Mais do que isso, ao se olhar com mais profundidade as despesas públicas, verifica-se que o maior aumento se deu na conta previdência, que cresce de forma contínua desde o início da série histórica, 1997, mas há indícios fortes de que o crescimento seja mesmo anterior ao início de tal sistematização. As despesas previdenciárias têm mais relação com alterações demográficas e legais do que com decisões governamentais. Nesse sentido, vale destacar que no período Dilma houve duas alterações de regras previdenciárias, as quais retardaram aposentadorias e reduziram benefícios, uma referente ao setor privado e outra ao setor público. De outro lado, houve elevação de 11,87% do salário-mínimo em termos reais, o que contribui para a elevação da despesa total.

Outra conta bastante criticada na época era a despesa com servidores públicos. No gráfico 3, constam as despesas com servidores ativos e inativos da União. No primeiro ano de governo era 4,15% e no último passou a 4,11%. Houve, portanto, uma estabilidade. Já previdência elevou-se em 1,67 p.p do PIB, o que é muito significativo, porém é preciso levar em conta que nos últimos dois anos o PIB caiu, ajudando a elevar o índice mesmo que o aumento fosse zero. Até 2014, a variação foi de 0,39 p.p do PIB. À toda sorte, recorda-se que o governo possui baixa ingerência sobre tais
despesas. Os indicadores acimas demonstram de forma clara que trata-se de uma falácia a narrativa de que houve um excesso de gastos.
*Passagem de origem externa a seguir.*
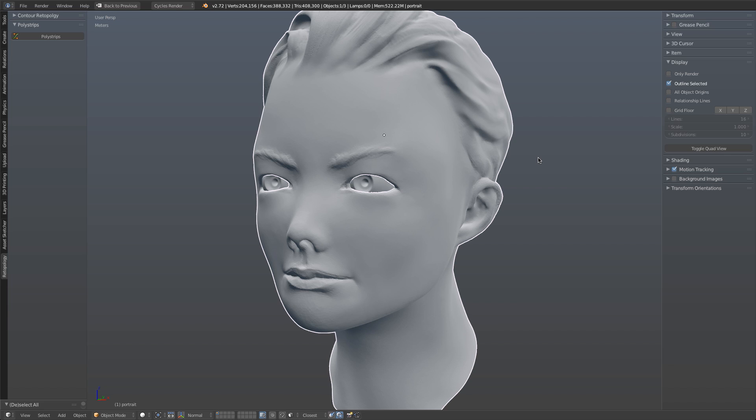Hello everyone, this is Jonathan Williamson from cgcookie.com, and today I want to give you a demo of the Polystrips Retopology tool.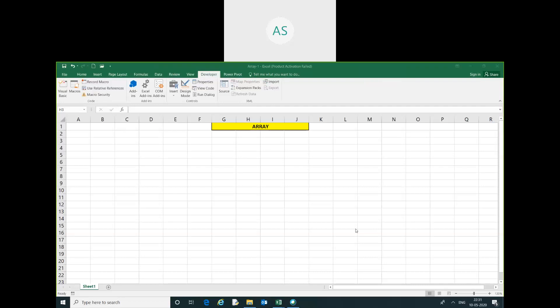Hello friends, my name is Akash. In this video, we are going to learn about how to use arrays in VBA.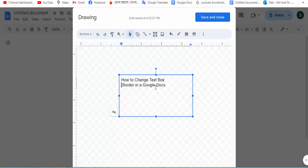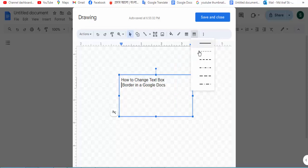To change the text box border, go to the border dash option and click on the option.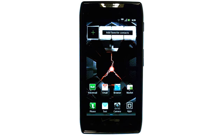If you want to learn more about your device, visit PhoneSavvy.com, where we have over 40 training videos on the Motorola Droid Razr.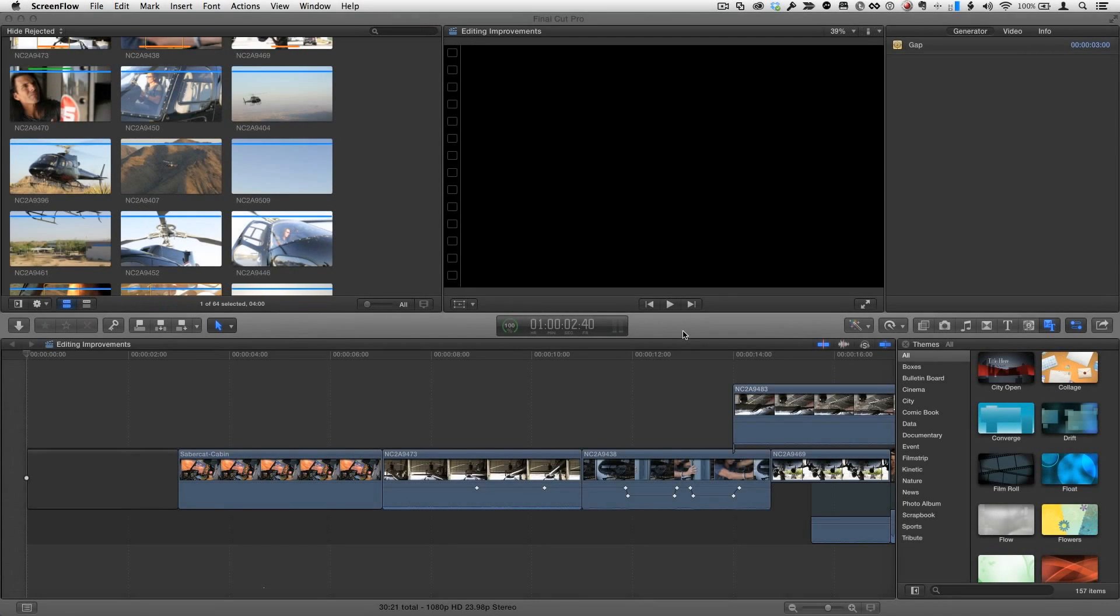Welcome to Final Cut Pro in under five minutes. I'm Mark Spencer from rippletraining.com. Steve's taking a few weeks off as he prepares for the NAB show and I'm filling in for him. This week I'm going to show you how to modify a theme using motion.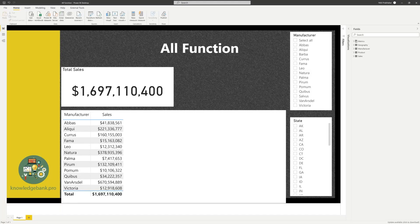Hello and welcome. In today's video, I want to talk about the ALL function. It's used extensively in Power BI — and not just ALL, but also ALLSELECTED and ALLEXCEPT. I keep getting a lot of questions from my clients about it, so let's just dig in. Here you're seeing the standard Dashboard in a Day dataset.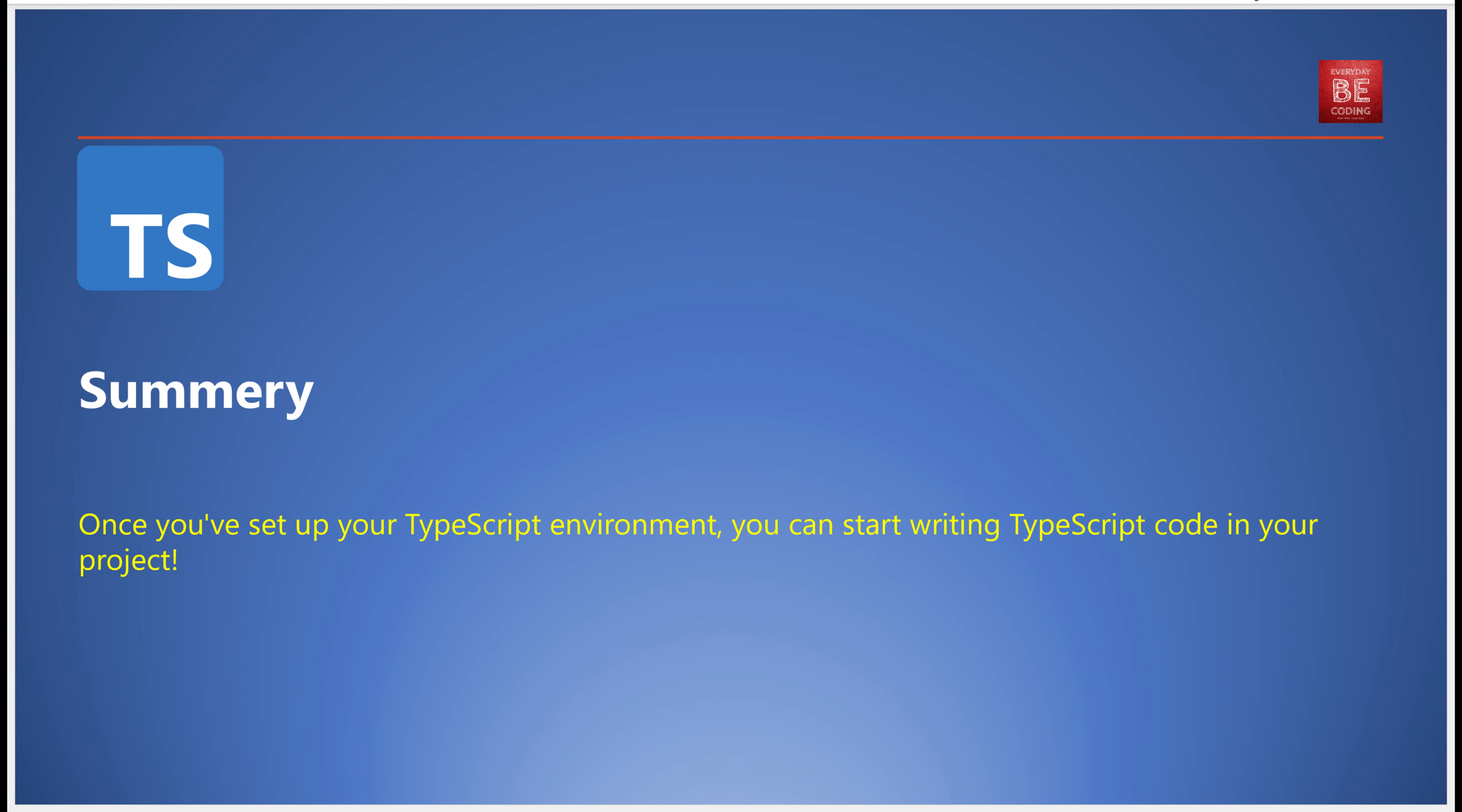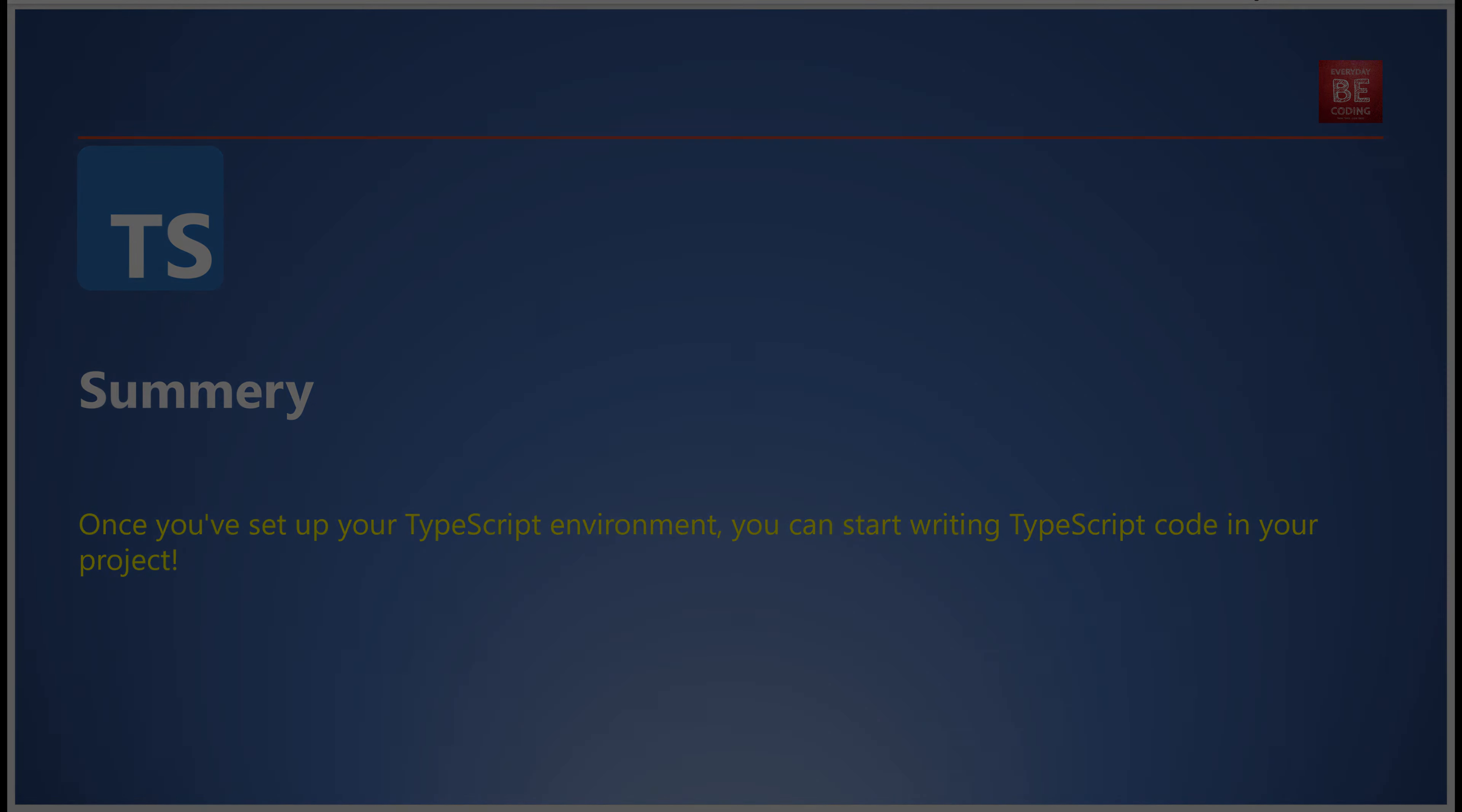In conclusion, setting up your TypeScript environment involves installing the TypeScript compiler, configuring TypeScript in your project, and integrating with IDEs. Once these steps are completed, you're ready to start writing TypeScript code in your project. It's a straightforward process and with these steps you're well on your way to a seamless TypeScript experience.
Não se faz aqui um elogio ao equilíbrio fiscal e sim uma verificação empírica sobre a realidade factual do que ocorreu com as contas públicas nos governos Dilma Rousseff. Aliás, convém frisar que o Estado não é uma família e nem uma empresa, não objetiva lucro e não possui restrição fiscal na sua própria moeda, a não ser as autoimpostas através de leis e regras. A bem da verdade, sabe-se que o corte de gastos impacta negativamente a demanda agregada, o volume de emprego e, por consequência, contribui para a piora das contas públicas e do endividamento, ao menos no curto prazo.
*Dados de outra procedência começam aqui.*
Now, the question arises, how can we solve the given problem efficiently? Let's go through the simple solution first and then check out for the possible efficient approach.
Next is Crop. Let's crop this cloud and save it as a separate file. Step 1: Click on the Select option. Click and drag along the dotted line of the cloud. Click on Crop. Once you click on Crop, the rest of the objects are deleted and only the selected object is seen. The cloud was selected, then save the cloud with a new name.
De toda a forma, a meta de equilíbrio fiscal busca, dentre outros objetivos, estabilizar a dívida pública. O gráfico 4 apresenta o que ocorreu com a dívida pública no período do governo Dilma.

A factualidade dos dados apresenta que a dívida líquida do setor público saiu de 37,56% do PIB no início do governo para 32,39% no final do governo, uma queda expressiva de quase 5 pontos percentuais do PIB.
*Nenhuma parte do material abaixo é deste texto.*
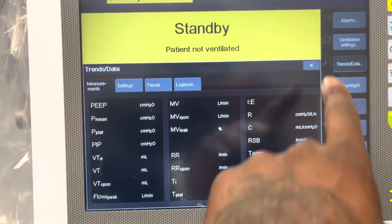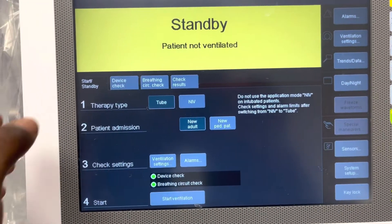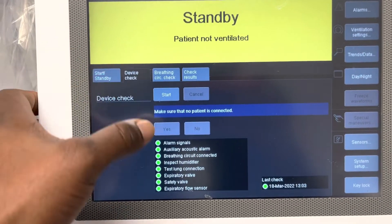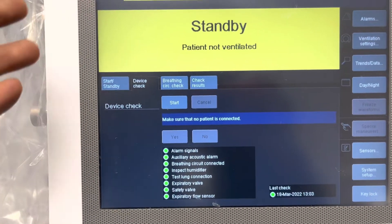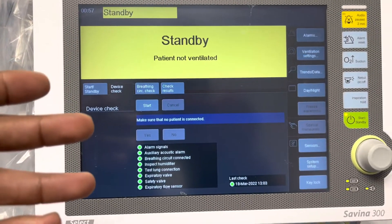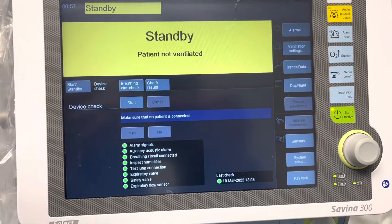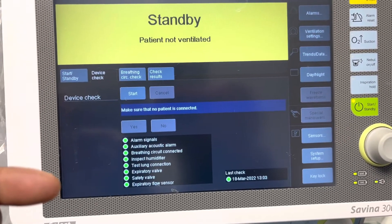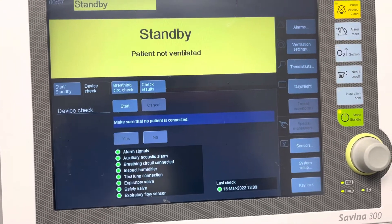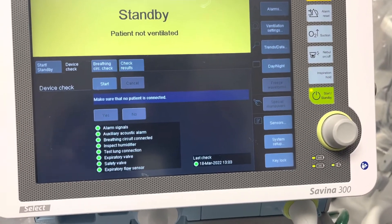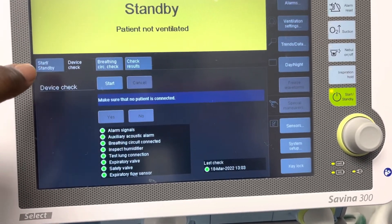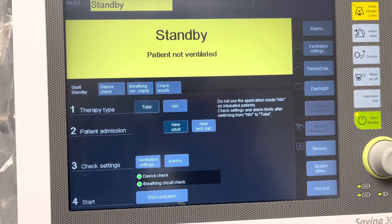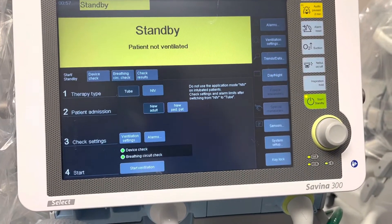This is a quick overview of the Savina 300. Regarding the system check — when we are cleaning the ventilator and setting it up for a new patient, we want to run a device check to make sure the device is working properly for the next patient. We are currently in standby mode because we have no patient to put on this machine.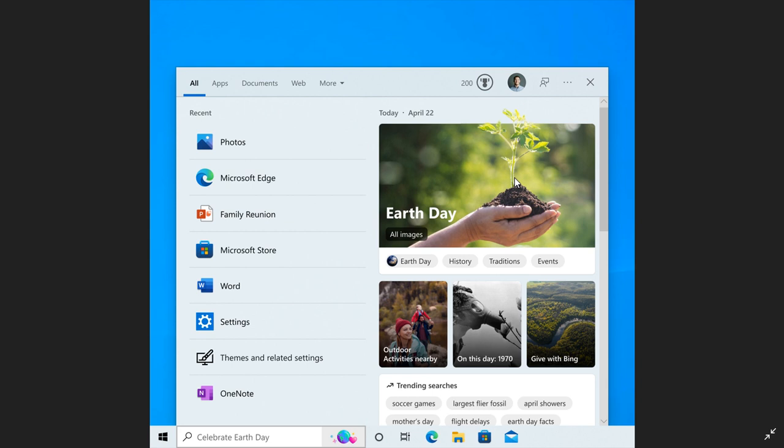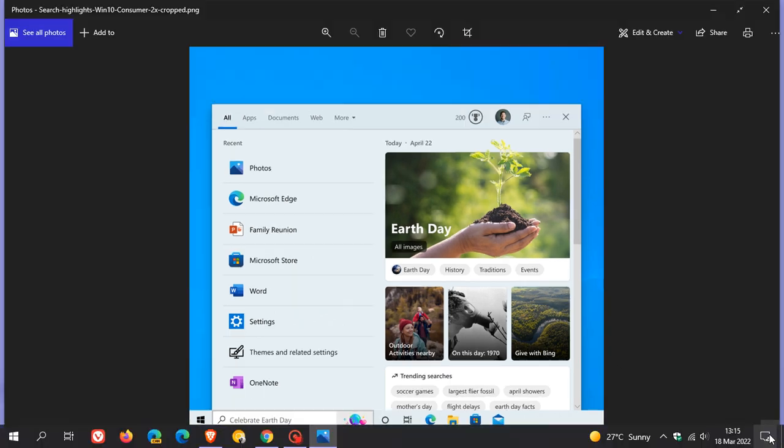If you are signed up to the release preview channel in Windows 10 and the dev channel in Windows 11 and don't want to use this feature for whatever reason, you are able to disable it in both those operating systems.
As informações acima expostas tão objetivas quanto a concretude numérica. Ainda assim, a crença de que houve um excesso de gastos e um descontrole fiscal no governo Dilma é uma pós-verdade disseminada inclusive por especialistas, seja por ignorância, seja por má fé.

 

*Professor do PPECO/UFRGS e diretor do Instituto Justiça Fiscal.

As opiniões emitidas nos artigos expressam o pensamento de seus autores e não necessariamente a posição editorial da Rede Estação Democracia.